Hi All, I have been working on getting this working in cycles-x and have achieved some success.




This currently only works for triangle meshes as it uses the object and primitive ids. The offset algorithm needs a bit of fixing still, particularly along triangle seams also I currently only have GPU, CPU but not Optix working yet. I'll post a diff after I clean up the code as it is quite messy ATM. Also, I am wondering if it is best to create an new diff instead of altering this one?

Also, I am wondering if it is best to create an new diff instead of altering this one?

If it's a completely changed implementation (which is likely due to cycles-x changes), it's best create a new diff. Still I guess you will reuse code and ideas from this patch.

Yes it's just based on this as lots has changed in cycles-x so I'll create a new patch.

I have been working on fixing the static scenes w.r.t. removing ray offsetting with some success.
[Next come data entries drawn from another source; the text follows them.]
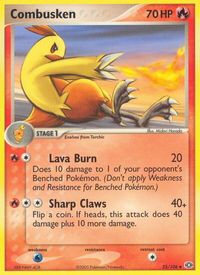 Combusken — EX Emerald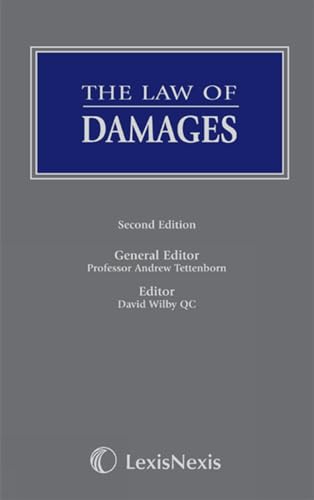 Law of Damages (9781405751094) by Professor Andrew Tettenborn; David Wilby; David Bennett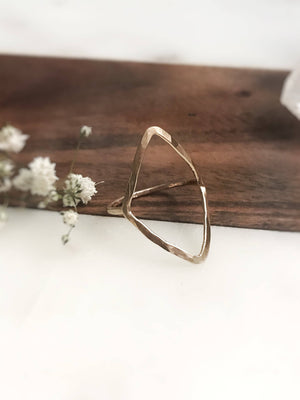 Diamond Shape Ring gold filled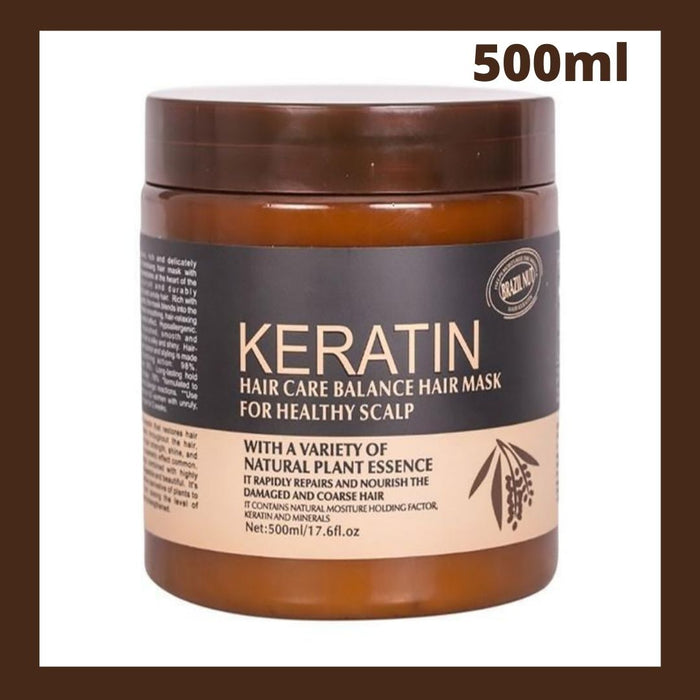 Brazil Nut Keratin Hair Care Balance Keratin Hair Mask 500 ml (Original)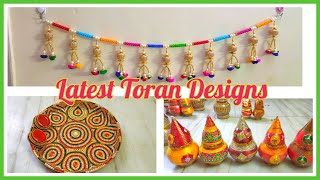 fancy toran ki designs|side torana|Fancy kalash designs|aarti plates|moti toran 2021|pooja plates|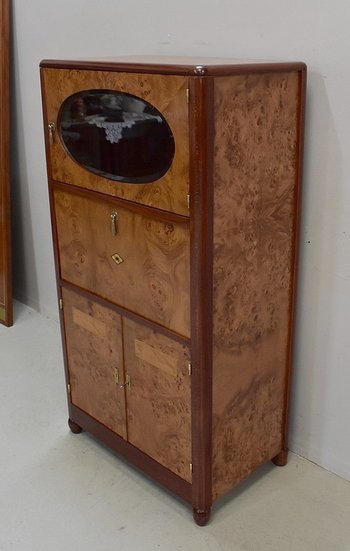 Art Deco cedar veneer furniture - 20th century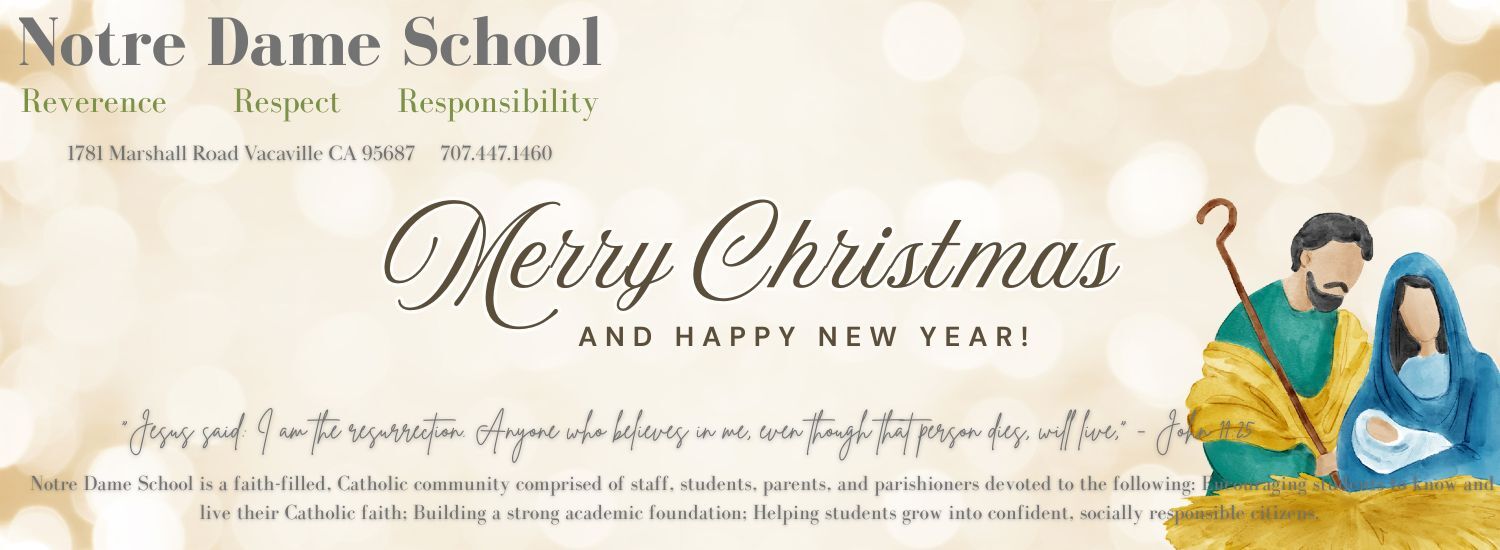 Christmas 2025 image for Notre Dame School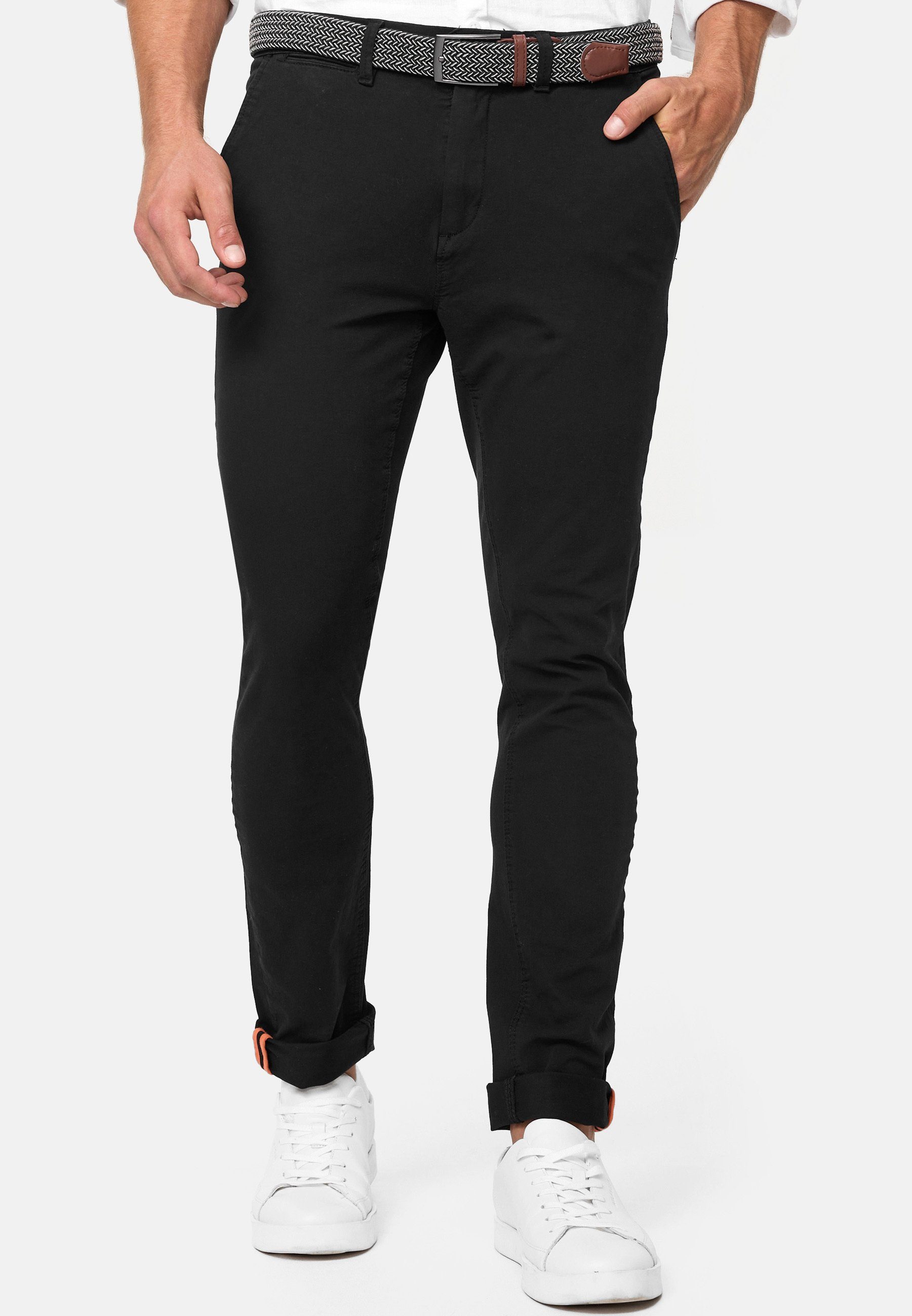 Black Chinohose Massy Indicode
However, as can be seen in the images below adjacent triangles in the mesh have some issues that need looking at. Also at large sizes precision problems start occurring which also need some work.

origin1e-3origin1e-5origin1e5Black LinesGlitch
original
CUDA static
CUDA Error
Optix static
CUDA Error

Dynamic scenes were largely working last week with similar issues but they rendered glitch on CUDA and optix just fine. I need to investigate why this has started occurring with the static scene solution.

This has been implemented already, closing it.